また、上記比較マスターバッチ2におけるミクロフィブリル化植物繊維のゴム中の分散性を走査型電子顕微鏡(SEM)により観察したところ、ミクロフィブリル化植物繊維の凝集塊が多少見られ、ゴム中にミクロフィブリル化植物繊維が充分には微細に分散していないことが確認された。
【0110】
(比較例3)
配合ラテックスを、25℃で5分ゆっくり撹拌(IKAジャパン社製のEurostar、回転数:100rpm)しながら1質量%ギ酸水溶液を添加してゼータ電位を−40mVに調整して凝固物を得た以外は、実施例1と同様にして比較マスターバッチ3を得た。

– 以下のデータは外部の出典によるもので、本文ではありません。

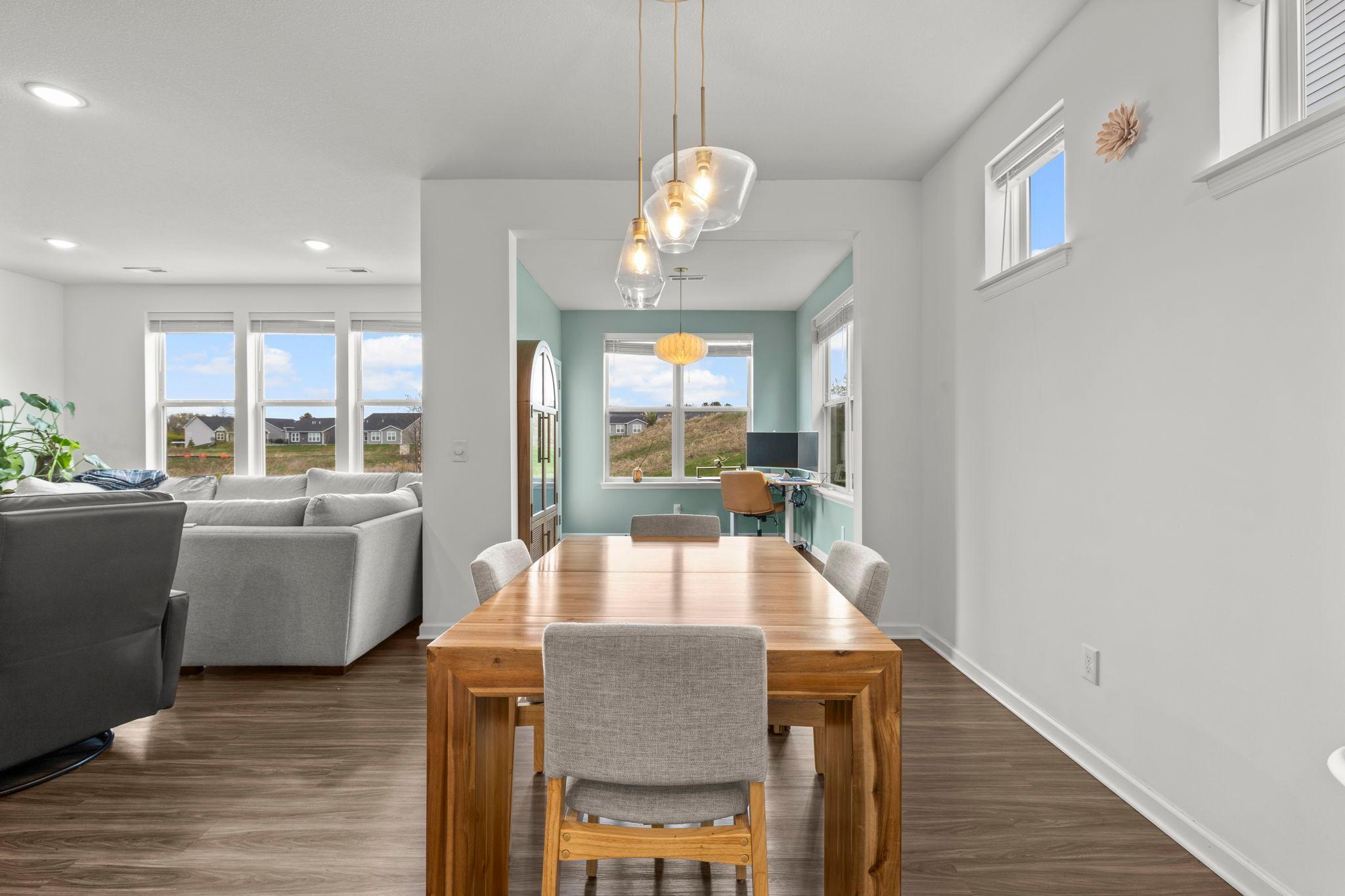 Informal dining room easily flows in the dining room and a bonus den that walks out to the patio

また、上記比較マスターバッチ3におけるミクロフィブリル化植物繊維のゴム中の分散性を走査型電子顕微鏡(SEM)により観察したところ、ミクロフィブリル化植物繊維の凝集塊ができており、ゴム中にミクロフィブリル化植物繊維が微細には分散していないことが確認された。
【0111】
(比較例4)
配合ラテックスを、25℃で5分ゆっくり撹拌(IKAジャパン社製のEurostar、回転数:100rpm)しながら1質量%ギ酸水溶液を添加してゼータ電位を10mVに調整して凝固物を得た以外は、実施例1と同様にして比較マスターバッチ4を得た。

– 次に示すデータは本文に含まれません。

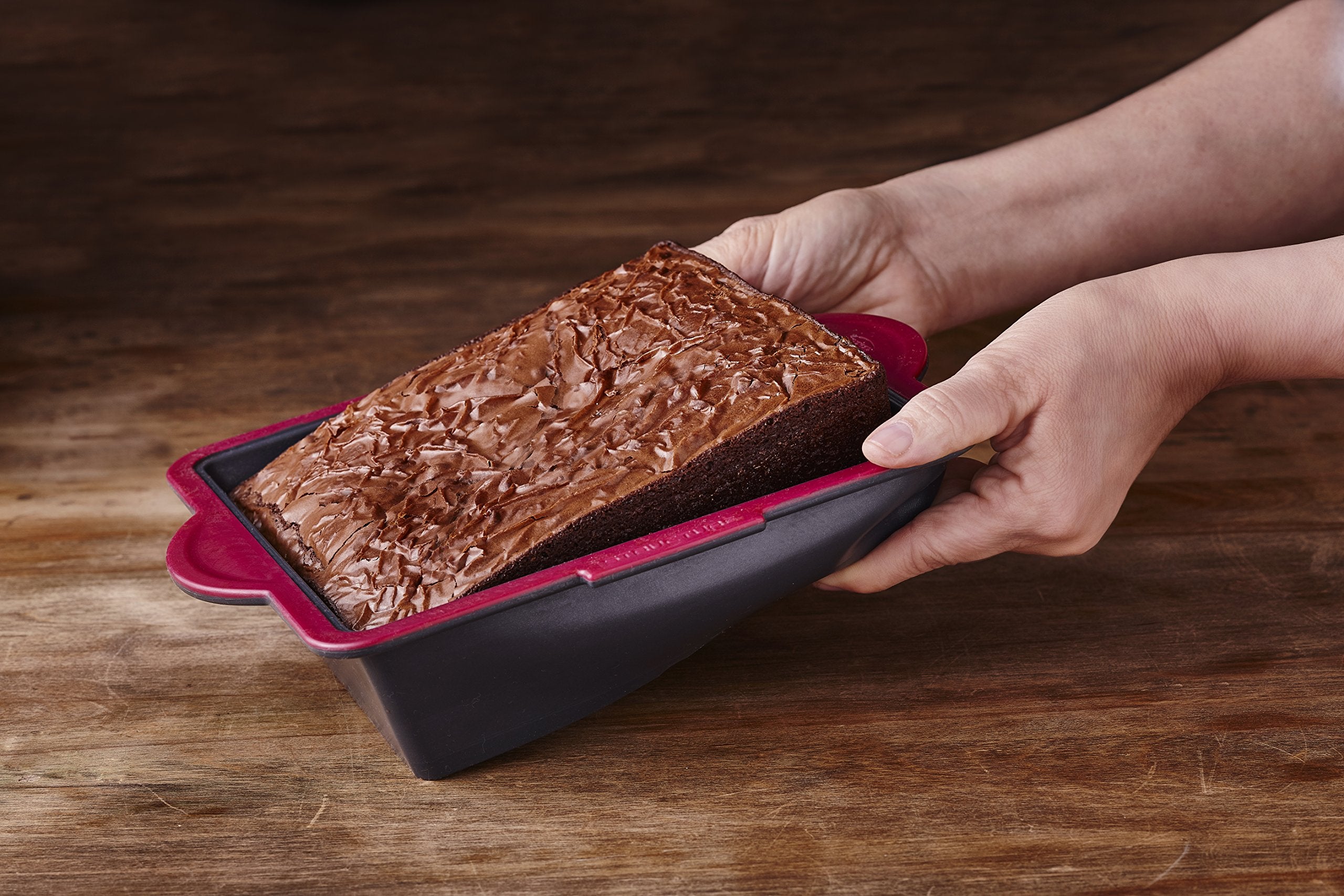 Trudeau Structure Square Novelty Cake Pans In Silicone, Grey/Pink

また、上記比較マスターバッチ4におけるミクロフィブリル化植物繊維のゴム中の分散性を走査型電子顕微鏡(SEM)により観察したところ、ミクロフィブリル化植物繊維の凝集塊ができており、ゴム中にミクロフィブリル化植物繊維が微細には分散していないことが確認された。
【0112】
(実施例3)
エタノールを添加してエタノール混合を行う代わりに、アセトンを添加して混合した以外は、実施例1と同様にしてマスターバッチ3を得た。なお、目視により、アセトン混合前に比べ、アセトン混合後の方が凝固物の径が大きくなっていることが確認された。

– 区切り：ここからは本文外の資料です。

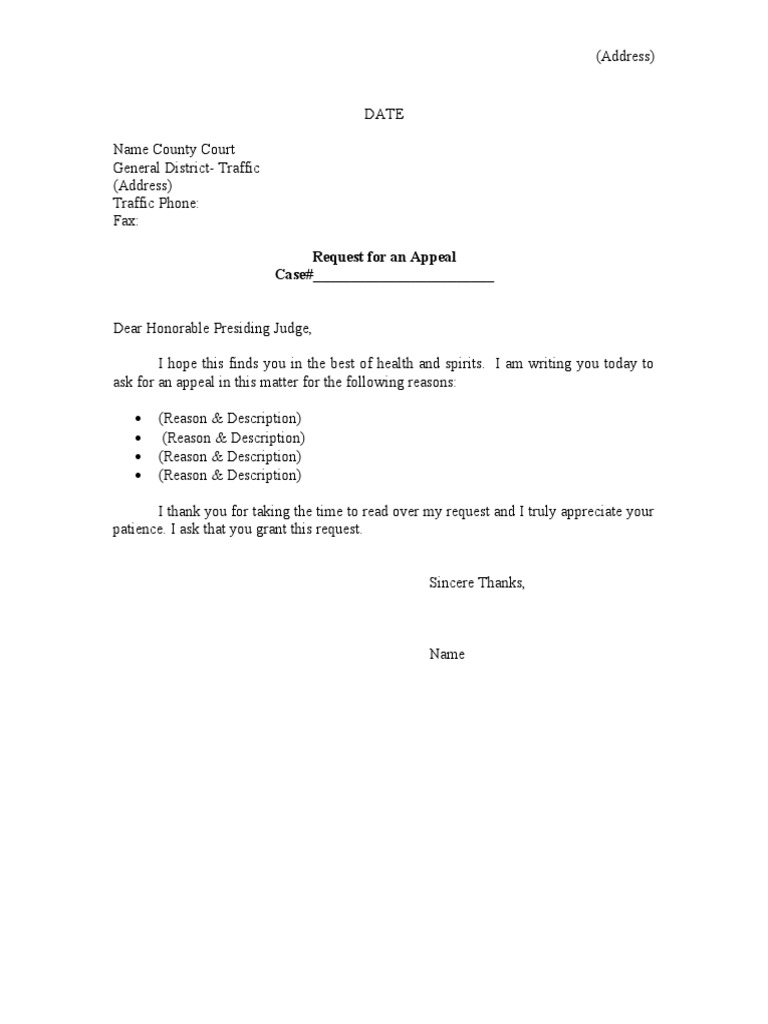 Request An Appeal - Template | PDF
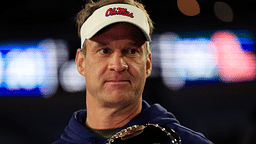 Mississippi Rebels head coach Lane Kiffin is interviewed after the game while holding the Ash Verlander Champions Trophy of the TaxSlayer Gator Bowl Thursday, Jan. 2, 2025 at EverBank Stadium in Jacksonville, Fla. Ole Miss defeated Duke 52-20. [Corey Perrine/Florida Times-Union]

また、実施例1と同様に、ろ過、乾燥後の固形分回収率を算出したところ、97.3質量%であった。
また、上記マスターバッチ3におけるミクロフィブリル化植物繊維のゴム中の分散性を走査型電子顕微鏡(SEM)により観察したところ、ミクロフィブリル化植物繊維の凝集塊はできておらず、ゴム中にミクロフィブリル化植物繊維が微細に分散していることが確認された。
【0113】
(実施例4)
エタノールを添加してエタノール混合を行う代わりに、2−プロパノールを添加して混合した以外は、実施例1と同様にしてマスターバッチ4を得た。なお、目視により、2−プロパノール混合前に比べ、2−プロパノール混合後の方が凝固物の径が大きくなっていることが確認された。
また、実施例1と同様に、ろ過、乾燥後の固形分回収率を算出したところ、96.9質量%であった。
また、上記マスターバッチ4におけるミクロフィブリル化植物繊維のゴム中の分散性を走査型電子顕微鏡(SEM)により観察したところ、ミクロフィブリル化植物繊維の凝集塊はできておらず、ゴム中にミクロフィブリル化植物繊維が微細に分散していることが確認された。
【0114】
<加硫ゴム組成物の作製>
(実施例1〜4及び比較例1〜4)
表1に示す配合に従って、1.7Lバンバリーミキサーを用いて、硫黄及び加硫促進剤以外の薬品を混練りした。次に、オープンロールを用いて、得られた混練り物に硫黄及び加硫促進剤を添加して練り込み、未加硫ゴム組成物を得た。得られた未加硫ゴム組成物を170℃で15分間プレス加硫して加硫ゴム組成物を得た。得られた加硫ゴム組成物を下記により評価し、結果を表1に示した。
【0115】
(引張試験)
加硫ゴム組成物を用いて3号ダンベル型ゴム試験片を作製し、JIS K6251「加硫ゴム及び熱可塑性ゴム−引張特性の求め方」に準じて引張試験を行い、加硫ゴム組成物の破断時の引張強度(引張破断強度:TB〔MPa〕)を測定した。
比較例2のTBを100として、下記計算式により、各配合のTBを指数表示した(破断強度指数〔TB指数〕)。TB指数が大きいほど破断強度が大きく耐久性に優れることを示す。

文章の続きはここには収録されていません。